We all have close friends. We share memories with them. If you removed those memories from both people, you’re just strangers now. Memory is more than just the glue holding the relationship together - in some sense, it is the relationship.
You have memories too. They’re encoded (as far as you can tell) in very difficult to modify organic hardware. That encoding lets you believe in those memories - it’s highly unlikely that you just popped into existence a second ago, fully formed, with the memories of a full life. Or that someone edited your memories in some harmful but undetectable way. Erase those memories completely, and you’re not you anymore. Memory doesn’t just hold you together, it IS you, in some sense.

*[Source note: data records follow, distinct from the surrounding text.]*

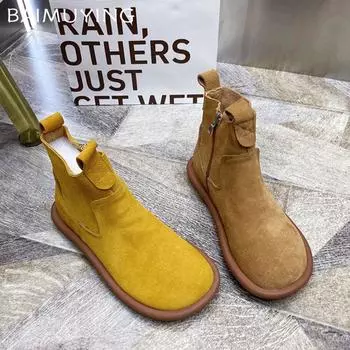 Ботильоны на плоской подошве для зимы, женские замшевые повседневные кроссовки, женская модная зимняя обувь, новый бренд, для ходьбы, удобные, для мотоцикла, ботинки Mujer 35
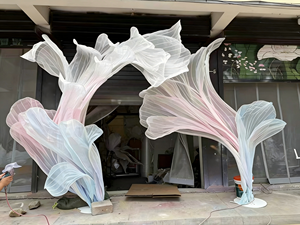 MSH D357 Décoration de fond artistique géante en <span class=keywords><strong>organza</strong></span> floral rose de luxe, installation suspendue en forme d'arche pour <span class=keywords><strong>mariage</strong></span> et vitrine - Product Image 6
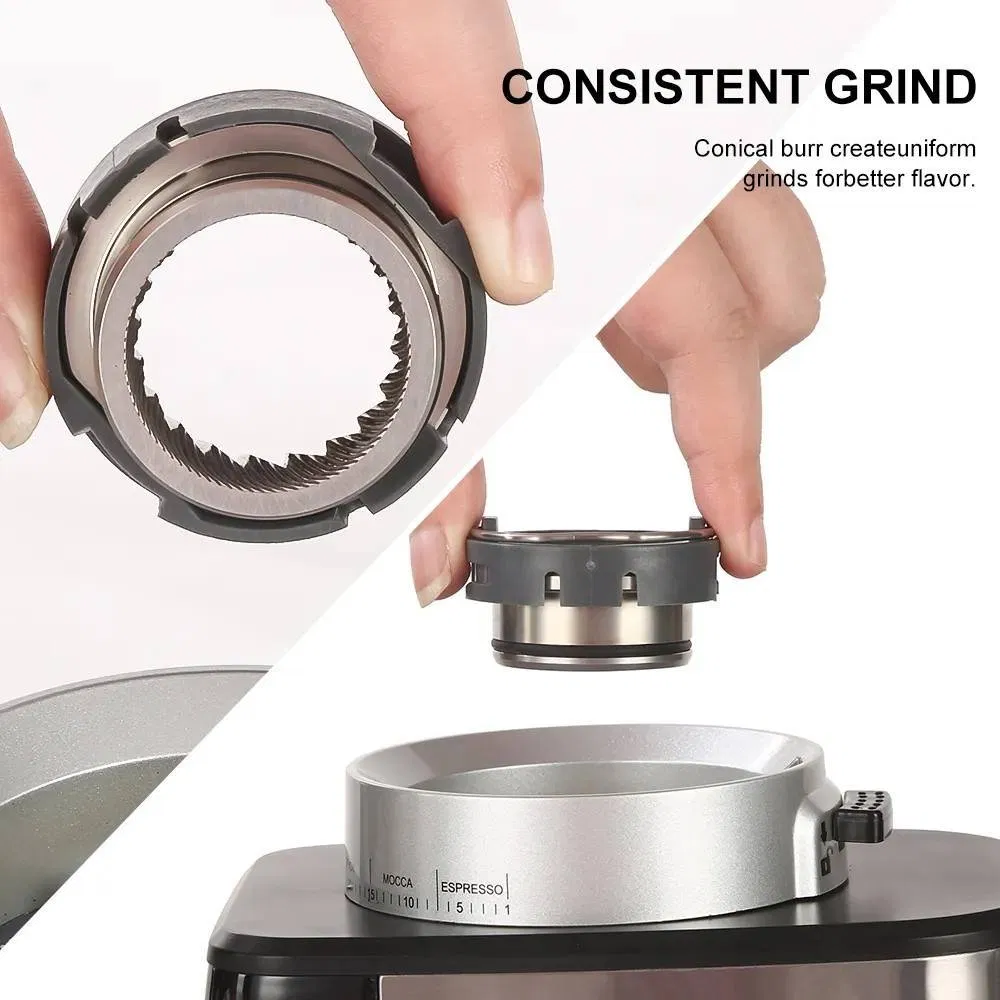 Espresso Coffee Grinder Electric with Precision Timer, Touchscreen, Precise Settings for Home Use, Anti-Static, Stainless Steel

Intelligence is a mixture of two things: some kind of processing/prediction engine (a thing that “thinks”) and some kind of curation mechanism that aims that engine at certain information, somehow. Cognition, and memory.
Memory is what helps you introspect about yourself - remembering that you’ve tried something in the past and it worked, or didn’t, and to make modifications. It’s what helps you navigate complex tasks (though, often, we need memory aids - notes - to keep it all straight).
LLMs don’t really have memory. Once trained, the model is static - unlike a human, it doesn’t really learn from new experiences. It has a set of “things to pay attention to” passed to it, in the form of a prompt, and an engine that does the cognition, solely on that information.
This means that, when building for an LLM, the burden is entirely on the developer to construct the right set of information in each prompt, so that the “thinking engine” can do its job. In some sense, that engine is utterly helpless - it can’t really examine the world, ask for help, or otherwise manipulate what is given to it. It just processes and predicts.
I realize I’ve written about this before, and I apologize if this is redundant. But the more I stare at parts of this problem, the more I can’t let go of this aspect. When we talk about recipes, we are talking about using code to supplement this memory gap, usually as it applies to metacognition and self-management. RAG and other techniques are about building the memories themselves, and they’re surprisingly hard to do well. Much of prompt engineering is really a way for the human to spend time building memory structures for the helpless model.
I don’t think we understand the general solution to this yet. I’ve seen enough twists and turns to think we still have work to do. Large token contexts, and test-time compute help to a degree, but much of what is still fragile in LLMs seems to boil down to this problem, particularly for large and complex tasks. I do think we can solve this in narrow domains (vertical apps), which is where some of my energy is going these days. And I hope that the narrow tasks will continue to educate us on the broader one.
Complicating all of this is that there’s not really a great metric for this. We can talk about precision vs recall, sure, but the problem is that you are measuring things like “did the 12th step of the 37-step process have the right info to not go off the rails later on?” which is hard to define rigorously.
I’d love to hear from folks who think they have a better grip on a more general solution to this. For a while vector and graph databases looked promising, but that doesn’t seem to work as well as hoped. Large contexts can help in some places. I still find it interesting that tasks that should be achievable, like rewriting a well-known large program or tool in a new well-known language are out of reach, even with models that clearly are competent at all of the individual pieces.
Neurology demonstrates the dependence memory (and ideation in general, BTW) has on emotional centers. No emotion, no memory - efficient filtering.
So what's emotion? Ultimately it rests on pleasure/pain and fight/flight. I discerns what's good or bad for the organism and directs it to success in a thermodynamic field. Or something like that.
My point is, memory is a fundamental part of mind, in service to the organism's success. And success is ultimately how you FEEL - in your body. No body, no mind. LLMs are pretty far from that.
As a coda, human memory is notoriously weak on the details. We remember the feeling mostly. So… feeling to filter and feeling to recall. Not sure what your plan is there.
Like our non-episodic memories, LLMs compress the information. Training with added information updates the network, just as our memories do. We also have relatively poor episodic memory that AFAIK, episodes are not encoded in LLMs, but could be.
Now suppose we introduce a feedback loop in the LLM that provides predictions, that are tested against external inputs, and outputs are adjusted based on prediction error size.
An LLM should be receiving constant inputs, updating its memory, and responding to inputs whether environmental or from conversations.
When thinking, specifically reasoning rather than recalling, is this feedback a way to get to a consistent answer? [I have in my mind a convergence that we see in sparse distributed memory]
This will only be possible when the LLM can handle inputs as fast as human brains, which implies any memory formation must be rapid.